Sometimes bad experiences let you learn something

Like having to rebuild one’s /usr/lib64 tree helps to learn that there are quite a few duplicated files installed in a system.

The first thing I have to suggest to anybody who happen to have my problem is: make sure you remove the debug info files before starting the procedure: they are big and a lot, and if you, like me, still have partial directories present, it’s simple to find them and remove them altogether, will save you from a lot of md5sum calls. The script I’m using (actually it’s a oneliner, albeit having two while statements in it) is still a test run with echo rather than the commands themselves, but when I’ll be sure it works as intended, I’ll see to post it here, in case someone else might need it.

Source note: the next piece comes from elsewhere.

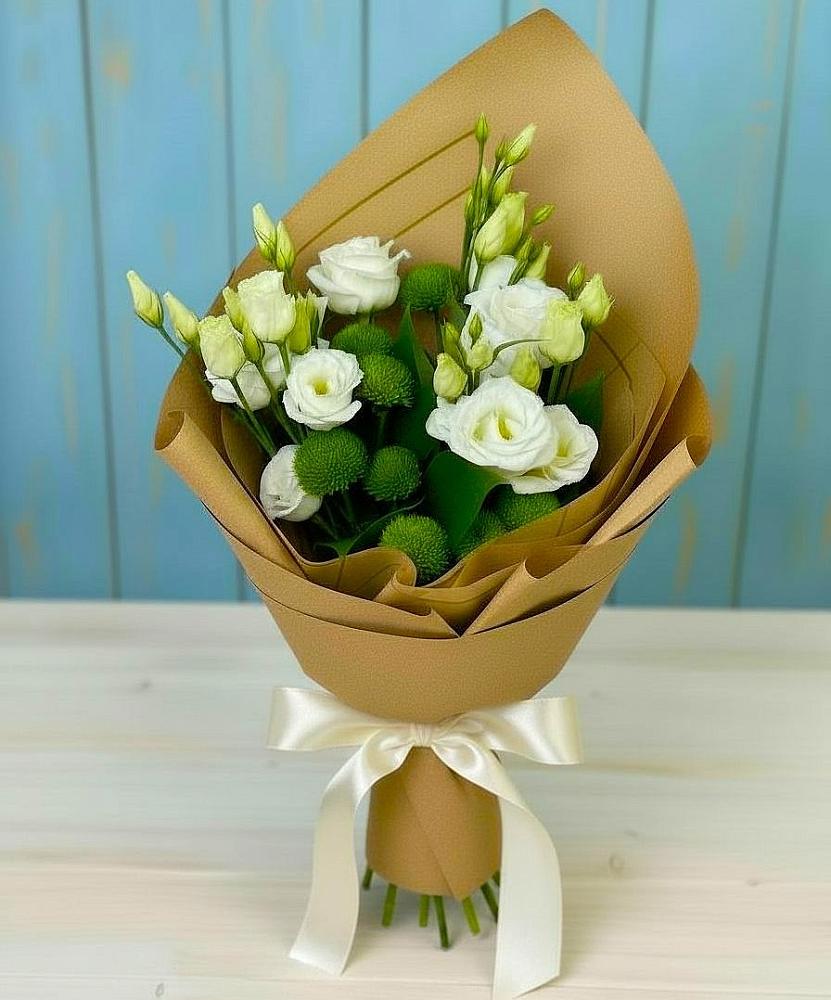 Букет цветов из: Хризантемы и Лизиантусы в Новоузенске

Then there are the tricky parts: the script being what it is, it will create a bit of a stir when a given file is present with the same md5sum in different places. This is easier to see with empty files or files containing just ‘n’ having the same MD5SUM (.keep files are the most common offenders on this); to avoid having to copy those files back all over (especially since mtime will be changed, and that is bad), I’ve added a simple -size +1 to skip over files of 1 byte or less. Hopefully should take care of it.

But of course there are duplicated files. PHP is a major offender on this: not only it installs a copy of config.guess and config.sub files, it also have some duplicated libpcre header files, but the absolute winner of the “let’s bloat a system” contest is vmware-server, as it comes with a copy of Perl itself, and some of the files are the same to the MD5SUM!

In addition to this, my script shown that there are packages installing stuff in /usr/lib when they shouldn’t. The multilib-strict warning usually allows to find these packages, but in the case of xc, for instance, there are no arch-dependent files, so multilib-strict does not trigger (obviously). It is not really a problem, as arch-independent files are fine in /usr/lib, but as far as I can see, those files should instead go to /usr/share/xc.